3) The points above also apply for patients with autism when they are admitted to the hospital. I often encourage hospital staff, particularly nursing staff to remember that the acute inpatient care setting is NOT the time to try to work on any therapy to treat the autism. The focus needs to be helping patients with autism get through care as safely and effectively as possible. I encourage staff to find out as much as they can about the
– likes/dislikes
– how they communicate
– assistive communication devices – devices can and should be provided in the hospital setting to allow the healthcare team to communicate effectively with patients with autism
– preferred routes for taking medications
– preferred foods
– preferred TV shows
– safety concerns such as elopement, history of removing IV lines or fear of certain procedures
– how they show they are in pain
– how their behavior in the hospital differs from their baseline as this can provide important clues about symptoms that patients with autism may not be able to communicate verbally

4) If a patient with autism is admitted to the hospital we like to have a complete and up to date list of allergies, current medications, dietary supplements or regularly used medical devices such as a CPAP machine or insulin pumps.
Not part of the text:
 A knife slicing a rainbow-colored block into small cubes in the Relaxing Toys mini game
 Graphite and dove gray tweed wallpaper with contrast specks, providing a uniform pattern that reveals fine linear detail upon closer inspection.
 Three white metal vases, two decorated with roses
5) Sometimes, despite all of our best efforts, patients with autism have a difficult time tolerating the hospital environment and may act out towards themselves or staff. Ask the care team if there is an autism or behavioral specialist on site to assist in their care. If the hospital does not have a behavioral specialist consider inquiring with the healthcare team about including a psychiatric consult to assist in the management of difficult behaviors that may interfere with care.
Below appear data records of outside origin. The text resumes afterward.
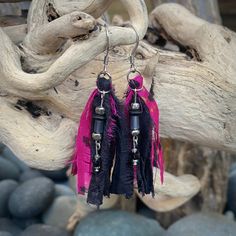 "These beautiful boho inspired earrings are hand-crafted using recycled sari silk and a variety of glass and seed beads.  They are very lightweight and the perfect addition for a casual day or fun night on the town Materials: Sari Silk/Glass Beads/Nickel Free Earwire Color: Black/Fuchsia Measurements: Drop length approx. 2 3/4\"/Tassel 2\" Weight : 1 gram/.07 oz. (individual earring) Designer: Norma Patridis *Each set of earrings comes boxed ready for gifting* Please note that color may slightly Handmade Tassel Earrings For Festivals, Handmade Unique Tassel Earrings For Festivals, Handmade Bohemian Tassel Earrings For Festivals, Pink Tassel Beaded Earrings For Beach, Bohemian Beaded Earrings With Latkans For Summer, Beach Earrings With Latkans, Pink Fringe Earrings For Festival, Bohemian Beaded Earrings With Latkans For Beach, Bohemian Pink Earrings With Latkans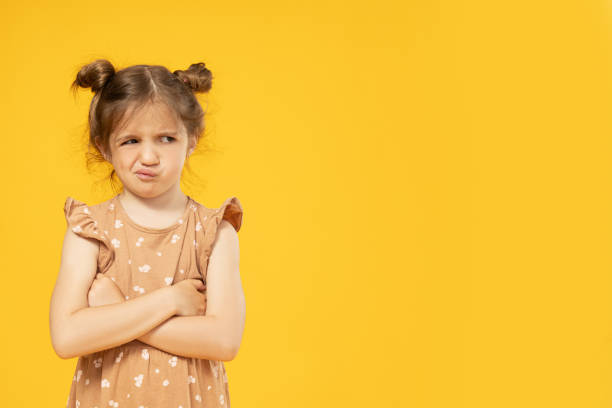 istock Upset little girl on a yellow background 2193068277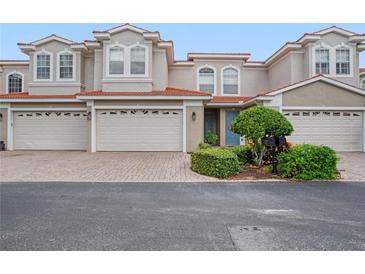 Three-story townhome with two-car garage and landscaped front at 1344 Ribolla Dr, Palm Harbor, FL 34683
6) Families may also want to inquire if the care team provide a 1:1 sitter at the bedside to redirect aggressive or impulsive behaviors if a family member needs to step out of the hospital room

7) It is very important that parents/caregivers BE PATIENT with healthcare providers in the acute inpatient setting. Many facilities are likely to be operating understaffed as members of the hospital workforce become ill with Covid-19 and are required to stay home even as hospital census increases during the pandemic.

8) Plan ahead – Hospitals across the country are now limiting visitors. Only one parent or caregiver may be allowed to remain at the bedside with a patient with autism if they are admitted to the hospital.